{
"cells": [
{
"cell_type": "markdown",
"metadata": {},
"source": [
"# Which city makes the most hip hop, relative to population?\n",
"\n",
"First, load up the data."
]
},
{
"cell_type": "code",
"execution_count": 1,
"metadata": {
"collapsed": false
},
"outputs": [
{
"data": {
"text/html": [
""
],
"text/plain": [
""
]
},
"metadata": {},
"output_type": "display_data"
}
],
"source": [
"import sqlite3\n",
"import pandas as pd\n",
"from plotly import tools\n",
"from plotly.offline import init_notebook_mode, iplot\n",
"from plotly.graph_objs import Bar, Scatter, Figure, Layout\n",
"init_notebook_mode()\n",
"\n",
"# start connection to sqlite data, grab data, then close connection\n",
"con = sqlite3.connect('data.db')\n",
"tags = pd.read_sql_query('SELECT * from tags;', con)\n",
"cities = pd.read_sql_query('SELECT * from cities;', con)\n",
"con.close()\n",
"\n",
"# first, get the overall frequency of each tag\n",
"tagfrequency = tags.tag.value_counts()\n",
"\n",
"# make tag frequency a dataframe, clean it up\n",
"tagfrequency = tagfrequency.to_frame(name = 'frequency')\n",
"tagfrequency['city'] = tagfrequency.index\n",
"tagfrequency.reset_index(inplace = True, drop = True)\n",
"\n",
"# second, merge the tag frequency with each city in the database\n",
"merged = pd.merge(cities, tagfrequency, on = 'city')\n",
"merged['ratio'] = merged.frequency / (merged.population / 100000.0) "
]
},
{
"cell_type": "markdown",
"metadata": {},
"source": [
"## Tag Frequency v.s. 2010 Population"
]
},
{
"cell_type": "code",
"execution_count": 2,
"metadata": {
"collapsed": false
},
"outputs": [
{
"data": {
"text/html": [
""
],
"text/plain": [
""
]
},
"metadata": {},
"output_type": "display_data"
}
],
"source": [
"sh = Scatter(x = merged.population, \n",
" y = merged.frequency, \n",
" mode = 'markers', \n",
" text = merged.city, \n",
" hoverinfo = 'text',\n",
" marker = dict(\n",
" size = 12,\n",
" color = 'rgba(0, 0, 152, .5)',\n",
" )\n",
")\n",
"\n",
"layout = Layout(\n",
" xaxis = dict(\n",
" type='log',\n",
" title = 'Population (Log Scale)'\n",
" ),\n",
" yaxis = dict(title = 'What.CD Tag Frequency'),\n",
" hovermode = 'closest',\n",
" showlegend=False\n",
")\n",
"\n",
"fh = Figure(data=[sh], layout = layout)\n",
"iplot(fh)"
]
},
{
"cell_type": "markdown",
"metadata": {},
"source": [
"## Most Productive Cities\n",
"\n",
"Unsurprisingly, the biggest cities are also the ones that are most frequently tagged (though note Los Angeles has a particularly poor showing: Houston, a city 1/3 its size, is making considerably more hip hop).

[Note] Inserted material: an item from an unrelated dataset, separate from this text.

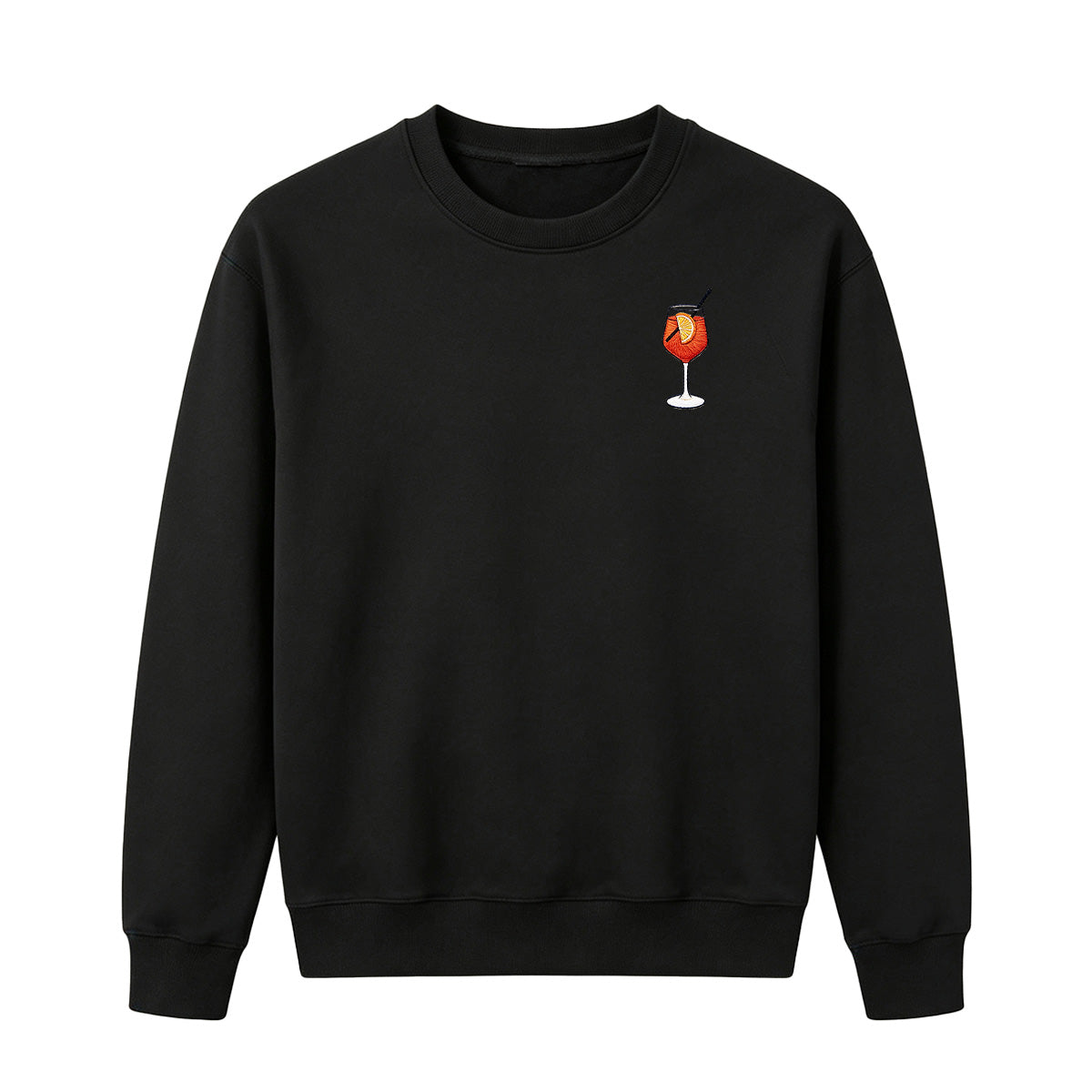 Embroidered Aperol Spritz Sweatshirt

The real question is about which cities make a surprising amount of hip hop, given their population:"
]
},
{
"cell_type": "code",
"execution_count": 3,
"metadata": {
"collapsed": false,
"scrolled": true
},
"outputs": [
{
"name": "stdout",
"output_type": "stream",
"text": [
"This is the format of your plot grid:\n",
"[ (1,1) x1,y1 ] [ (1,2) x2,y1 ]\n",
"\n"
]
},
{
"data": {
"text/html": [
""
],
"text/plain": [
""
]
},
"metadata": {},
"output_type": "display_data"
}
],
"source": [
"merged = merged.sort_values(by = 'ratio', ascending = False)\n",
"\n",
"# plot scatter of ratio against population\n",
"plotdata = merged.iloc[0:50,:]\n",
"sh = Scatter(\n",
" x = plotdata.population, \n",
" y = plotdata.ratio, \n",
" mode = 'markers', \n",
" text = plotdata.city, \n",
" hoverinfo = 'text',\n",
" marker = dict(\n",
" size = 12, color = 'rgba(0, 0, 152, .5)',\n",
" )\n",
")\n",
"\n",
"\n",
"# plot bars for top 15 cities\n",
"plotdata = merged.iloc[0:15,:]\n",
"bh = Bar(\n",
" x = plotdata.city, \n",
" y = plotdata.ratio, \n",
" hoverinfo = 'x+y'\n",
")\n",
"\n",
"\n",
"# layout\n",
"fh = tools.make_subplots(rows = 1, cols = 2, \n",
" shared_yaxes = True,\n",
" horizontal_spacing = 0.02,\n",
" subplot_titles = ['Top 50 Cities','Top 10 Cities'])\n",
"fh['layout']['showlegend'] = False\n",
"fh['layout']['hovermode'] = 'closest'\n",
"fh['layout']['xaxis1'].update(title='2010 Population (Log Scale)', type='log')\n",
"fh['layout']['yaxis'].update(title='Tags Per 100k People')\n",
"\n",
"fh.append_trace(sh,1,1)\n",
"fh.append_trace(bh,1,2)\n",
"\n",
"iplot(fh)\n"
]
},
{
"cell_type": "markdown",
"metadata": {},
"source": [
"[Cash Money Records](http://www.cashmoney-records.com/) has been super prolific! Per person, New Orleans is leader in hip hop, with Atlanta not too far behind. Overall, the ranking is dominated by big (but not *huge*) cities."
]
}
],
"metadata": {
"kernelspec": {
"display_name": "Python 3",
"language": "python",
"name": "python3"
},
"language_info": {
"codemirror_mode": {
"name": "ipython",
"version": 3
},
"file_extension": ".py",
"mimetype": "text/x-python",
"name": "python",
"nbconvert_exporter": "python",
"pygments_lexer": "ipython3",
"version": "3.5.1"
}
},
"nbformat": 4,
"nbformat_minor": 1
}